Nu de mannen van twater hun werk degelijk afgewerkt hebben, is de tijd gekomen om nog een boek ter hand te nemen, dat geschreven is tot stichting van die Vlaamse Studenten, die in Poëzis en Rhetorika (als de ouders voldoende opvoedkundige besluitvaardigheid hebben gehad om voor hunne kinderen die keuze van onderwijsinstelling te maken, die garant staat voor een Christelijke en dus morele en maatschappelijke toekomst met het oog op een latere vorming op universitair niveau, bijvoorbeeld te Leuven) een aantal jaren door studie zich definitief zullen vormen tot volwassen mensen met de nodige verantwoordelijkheid om de leiding van de maatschappij op zich te nemen.
De auteur, M. Ballings s.j., nam de zaken ernstig op, en schreef te hunnen behoeve een handleiding, die door de student op regelmatige tijden ter hand genomen moest worden, als door studie het hoofd te zeer gevuld werd met wetenschap, en ze de behoefte voelden zich eens flink te ontspannen. Hoe groot zijn namelijk de gevaren die de jonge en onervaren studenten belagen? Niet altijd namelijk is er de zorgzame aanwezigheid van een nochtans begrijpende vader en moeder die jongens van 17-18 jaar in toom weten te houden. Hoe vlug zou zulk een student niet te vinden zijn in een lokaal waar drank verkocht wordt aan wie het wil betalen, en waar andere gevaren zo dik gezaaid eveneens op de loer lagen? Ook een hospita met zin voor verantwoordelijkheid kan niet steeds op de loer liggen om haar talrijke kostgangers steeds en altijd in het gareel te houden. Zij blijft slechts een surrogaatmoeder, en mag zij dan bezorgd zijn, zij kan nooit de echte ouders vervangen. Hebben wij niet uit de lectuur van de stichtelijke boeken van Ernest Claes geleerd dat ook studenten die onder de zorgzame hoede van Fien Janssens later als student toch ooit tot daden kwam die zo verwerpelijk waren dat zij den schrijver zelf diep geschokt hebben?

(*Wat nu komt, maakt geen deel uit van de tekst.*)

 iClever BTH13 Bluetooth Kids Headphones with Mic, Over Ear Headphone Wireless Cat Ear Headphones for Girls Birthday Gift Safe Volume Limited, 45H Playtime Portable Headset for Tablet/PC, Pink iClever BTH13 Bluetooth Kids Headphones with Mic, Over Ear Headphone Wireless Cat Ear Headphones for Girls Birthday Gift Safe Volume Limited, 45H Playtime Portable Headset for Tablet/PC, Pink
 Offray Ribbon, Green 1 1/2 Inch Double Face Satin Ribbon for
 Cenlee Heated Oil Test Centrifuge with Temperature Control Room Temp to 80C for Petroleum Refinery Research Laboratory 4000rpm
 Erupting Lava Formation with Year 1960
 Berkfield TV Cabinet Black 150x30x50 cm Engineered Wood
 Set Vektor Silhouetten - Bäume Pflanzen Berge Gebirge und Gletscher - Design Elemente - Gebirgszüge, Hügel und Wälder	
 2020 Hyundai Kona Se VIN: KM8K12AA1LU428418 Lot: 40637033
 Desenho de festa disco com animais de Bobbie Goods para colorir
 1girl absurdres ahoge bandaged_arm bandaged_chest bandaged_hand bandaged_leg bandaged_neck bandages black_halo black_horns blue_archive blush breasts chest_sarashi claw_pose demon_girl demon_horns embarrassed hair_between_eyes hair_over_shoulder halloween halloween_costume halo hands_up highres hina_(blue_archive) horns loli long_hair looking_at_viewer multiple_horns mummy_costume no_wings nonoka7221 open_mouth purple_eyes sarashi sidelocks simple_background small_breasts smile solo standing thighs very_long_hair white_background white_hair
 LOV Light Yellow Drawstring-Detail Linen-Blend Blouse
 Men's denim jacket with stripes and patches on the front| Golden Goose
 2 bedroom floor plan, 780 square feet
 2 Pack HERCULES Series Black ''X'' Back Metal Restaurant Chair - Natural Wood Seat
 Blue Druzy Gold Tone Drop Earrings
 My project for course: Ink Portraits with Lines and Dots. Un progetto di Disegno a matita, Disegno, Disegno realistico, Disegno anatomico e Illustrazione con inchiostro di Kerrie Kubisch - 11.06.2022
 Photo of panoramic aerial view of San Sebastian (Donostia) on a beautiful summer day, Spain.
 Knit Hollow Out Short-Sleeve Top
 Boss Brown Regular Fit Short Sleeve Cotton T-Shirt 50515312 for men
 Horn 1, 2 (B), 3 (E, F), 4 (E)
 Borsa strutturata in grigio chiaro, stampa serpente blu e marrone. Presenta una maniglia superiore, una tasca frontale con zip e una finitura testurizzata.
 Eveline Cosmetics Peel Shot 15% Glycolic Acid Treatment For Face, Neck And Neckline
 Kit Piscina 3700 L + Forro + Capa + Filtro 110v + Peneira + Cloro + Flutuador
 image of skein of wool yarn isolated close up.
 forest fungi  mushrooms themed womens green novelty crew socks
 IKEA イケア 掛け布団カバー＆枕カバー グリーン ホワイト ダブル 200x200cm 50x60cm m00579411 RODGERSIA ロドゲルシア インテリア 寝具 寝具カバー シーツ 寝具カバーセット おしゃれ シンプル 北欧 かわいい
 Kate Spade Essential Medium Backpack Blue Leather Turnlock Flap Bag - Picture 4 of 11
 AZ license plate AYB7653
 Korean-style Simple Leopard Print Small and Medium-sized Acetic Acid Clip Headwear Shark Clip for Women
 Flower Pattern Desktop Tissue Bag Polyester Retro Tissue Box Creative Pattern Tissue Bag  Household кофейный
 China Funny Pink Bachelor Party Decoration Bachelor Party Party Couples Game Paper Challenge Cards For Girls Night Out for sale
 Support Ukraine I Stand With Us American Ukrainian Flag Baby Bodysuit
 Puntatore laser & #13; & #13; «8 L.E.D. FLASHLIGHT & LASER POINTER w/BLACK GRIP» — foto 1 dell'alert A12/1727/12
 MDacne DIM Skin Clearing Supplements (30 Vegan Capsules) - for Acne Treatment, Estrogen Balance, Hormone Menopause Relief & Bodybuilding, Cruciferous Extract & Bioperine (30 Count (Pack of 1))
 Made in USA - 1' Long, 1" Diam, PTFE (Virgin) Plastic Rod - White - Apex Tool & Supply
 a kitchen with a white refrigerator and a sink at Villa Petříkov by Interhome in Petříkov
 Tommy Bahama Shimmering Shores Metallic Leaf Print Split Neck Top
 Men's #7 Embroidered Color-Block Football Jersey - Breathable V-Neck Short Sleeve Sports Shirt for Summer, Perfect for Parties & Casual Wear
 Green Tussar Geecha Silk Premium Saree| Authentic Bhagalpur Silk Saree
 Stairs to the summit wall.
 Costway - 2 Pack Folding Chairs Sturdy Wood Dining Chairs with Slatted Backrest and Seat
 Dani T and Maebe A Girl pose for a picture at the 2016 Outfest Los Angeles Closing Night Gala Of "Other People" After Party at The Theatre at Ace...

Dus heeft de vrome priester Ballings deze handleiding samengesteld, en voor uitgave aan De Bode van het H. Hart te Alken voorgelegd. Iedere student werd verondersteld zijn vrije tijd toch minstens gedeeltelijk te besteden aan deze stichtelijke lectuur.
Diezelfde Bode van het H. Hart te Alken heeft ook andere boeken uitgegeven, zoals ondermeer de beroemde reeks Christelijke Kunst, die ik voor enige tijd hier ook aangehaald heb. Als Herkenaar, zoon van een Alkense moeder, is dat voor mij reeds een reden om dit boek dan ook maar eens ter hand te nemen.
Het Nihil Obstat werd gegeven op 20 september 1919, dus zowat een maand nadat mijn vader geboren werd! Dit Nihil Obstat is echter afkomstig van G. Simenon, Libr. Sens. Vermits ik veronderstel dat de uitgave te Alken gebeurde, en dus in het bisdom Luik, is de naam Simenon best wel mogelijk. Maar het is een leuk detailtje.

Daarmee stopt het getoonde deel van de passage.